As her sophomore year at Ramapo High School rolled around, it became more and more difficult to get Emily, an A-student and member of the school’s marching band and fencing team, out of bed in the morning.
The Garlicks initially attributed the change to typical teenage moodiness, but before long realized they were dealing with something far more insidious.
“One fall morning we went into her room to rouse her and found her in a fetal position in a catatonic state,” Andrew Garlick said. “She had experienced a complete psychological breakdown.”
At a loss for answers, the Garlicks reached out to various mental health professionals with little success. The schools, pediatricians and churches also proved unhelpful, Garlick said.
Eventually, through some networking, the family found a psychologist in Teaneck, who put them in touch with a psychiatrist in Manhattan who finally gave them some answers.

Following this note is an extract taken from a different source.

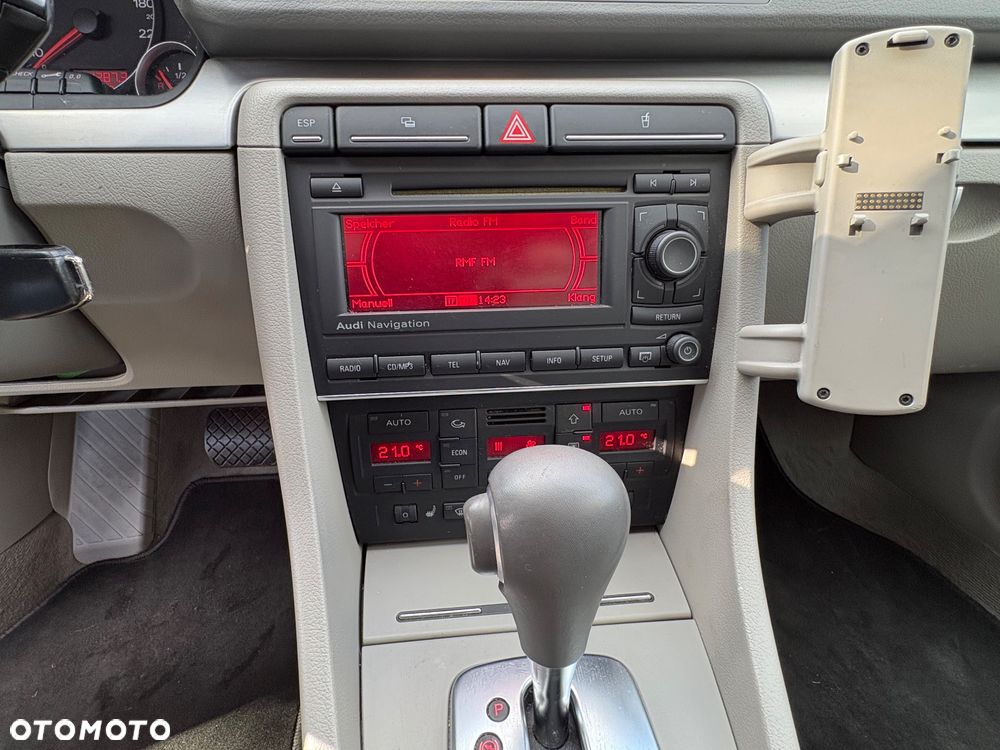 Audi A4 Avant 1.8T Multitronic - 20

Emily was diagnosed with Schizo-Affective disorder.
“When you first experience mental illness in your family, you are lost.” Garlick said. “The family is in crisis and under a great deal of stress – they are in no position to take on the various bureaucracies – medical, educational, insurance, etc.”
Without a central clearing house to help navigate this new world of professional caregivers, interacting medications and psychotherapies, the Garlicks started their own. In 2002, The Family Support Organization of Bergen County was born.
“All of our Board Members, all of our Family Support Partners, and all of our volunteers are or have been caregivers of someone with mental illness,” said Garlick, who sees the organization as the family voice in children’s mental health. “We know what the family is going through, and we have experience with the various services in the county and the state.”
Professional caregivers, who deal only with the child, lack a sense of family, Garlick said. The Family Support Organization, on the other hand, exists solely to support the family, through a combination of advocacy, education, support and counseling.
Since 2002, the Fair Lawn-based organization has gained a reputation throughout the county with various mental health agencies, counselors and pediatricians. The Family Support Organization, which operates on state contract, sees about 100 families each month, and provides telephone support to many others.
On Sunday, the Family Support Organization is celebrating its 10th anniversary with a free open house and street party from 2 p.m. to 5 p.m. at its Fair Lawn office, located at 0-108 29th St.
The day’s festivities will include food, entertainment, prizes, and a special visit from Elvis at 4 p.m. The whole community is invited.